This is beautifully done. In an article on a newly declassified document on a State Department analysis arguing Niger would not have dealt on uranium, the Times reporter first delicately sidesteps the question of what Joe Wilson's position was entirely. Look at how artfully this paragraph is constructed:

In early 2002, the Central Intelligence Agency sent the former ambassador Joseph C. Wilson IV to Niger to investigate possible attempts to sell uranium to Iraq. The next year, after Mr. Wilson became a vocal critic of the Bush administration's Iraqi intelligence, the identity of his wife, Valerie Wilson, a C.I.A. officer who suggested him for the Niger trip, was made public. The investigation into the leak led to criminal charges in October against Mr. Libby, who is accused of misleading investigators and a grand jury.

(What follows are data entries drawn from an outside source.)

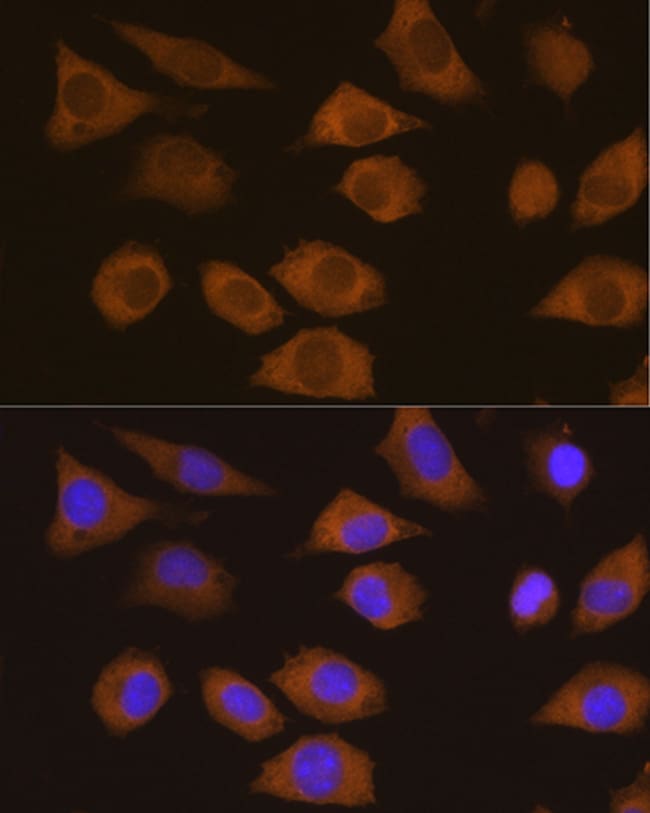100UL CSDE1 ANTIBODY 100 ul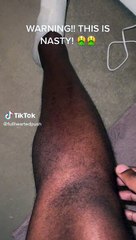 Deportista genera polémica tras mostrar sus "piernas de plastilina"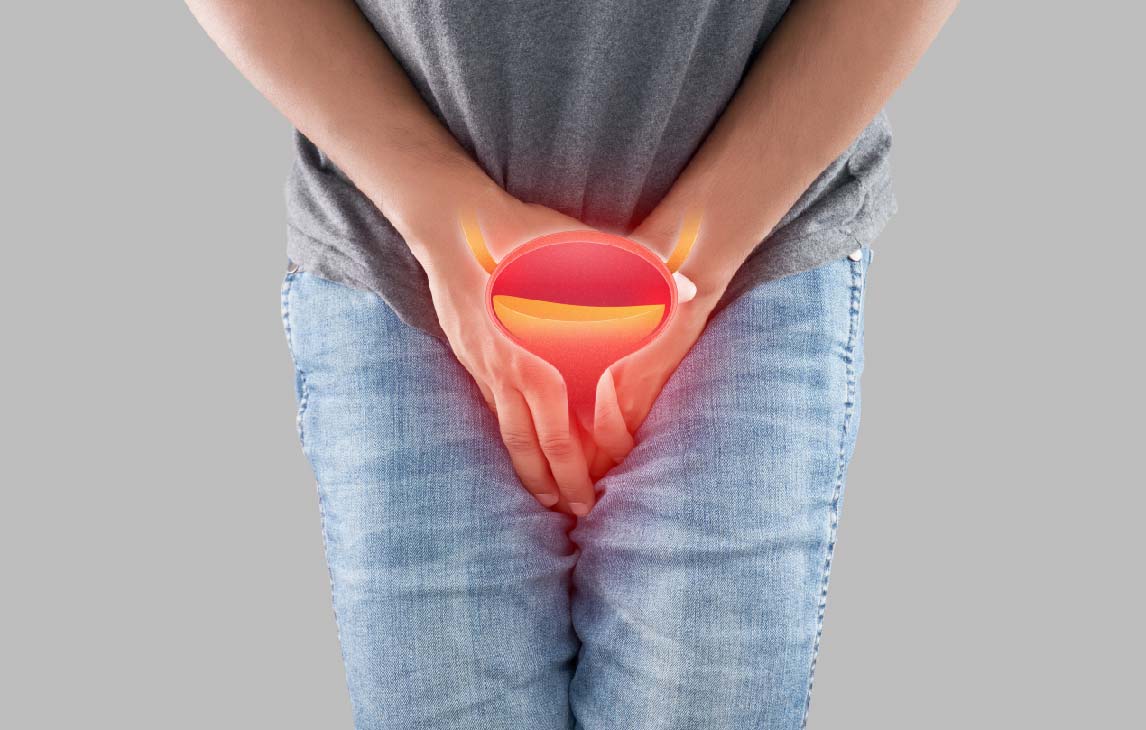 https://zurology.com/wp-content/uploads/2023/07/Urinary-Bladder-Cancer-01.jpg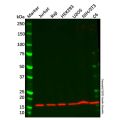 Recombinant Ube2N/Ubc13 Antibody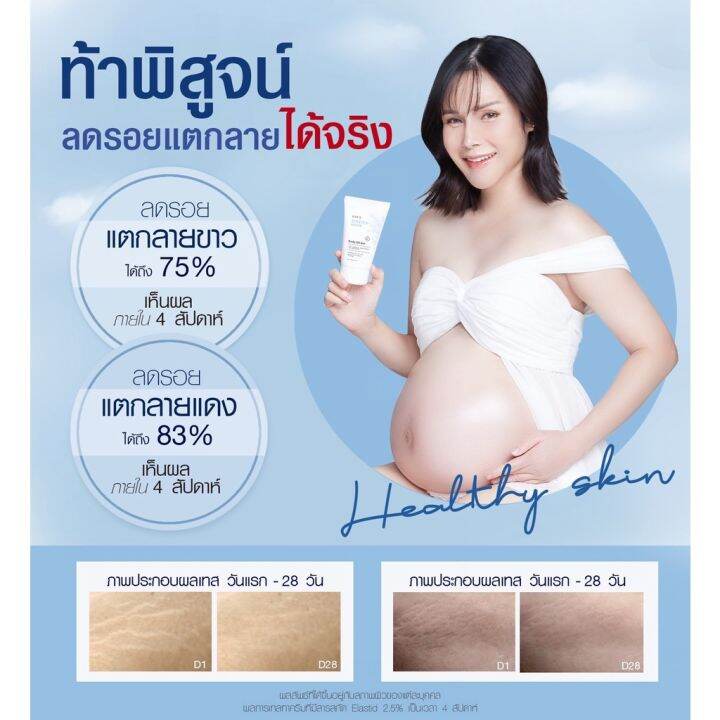 eves-เซตคู่ลดรอยแตกลาย-ครีมบูสเตอร์-ออยล์เจลอีฟส์-ป้องกันรอยแตกลาย-ลดรอยแผลเป็นจุดด่างดำ-ผิวกระจ่างใส-ชุ่มชื้นเนียนนุ่ม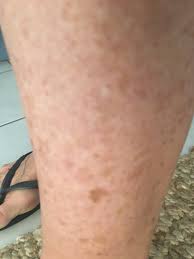 Image result for liver spots on legs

A careless reader could assume that Wilson agreed with the State assessment, but in fact the reporter never simply never brings the inconvenient issue up.

Then we get this at the very end of the article:

Mr. Wilson said in an interview that he did not remember ever seeing the memo but that its analysis should raise further questions about why the White House remained convinced for so long that Iraq was trying to buy uranium in Africa.

"All the people understood that there was documentary evidence" suggesting that the intelligence about the sale was faulty, he said.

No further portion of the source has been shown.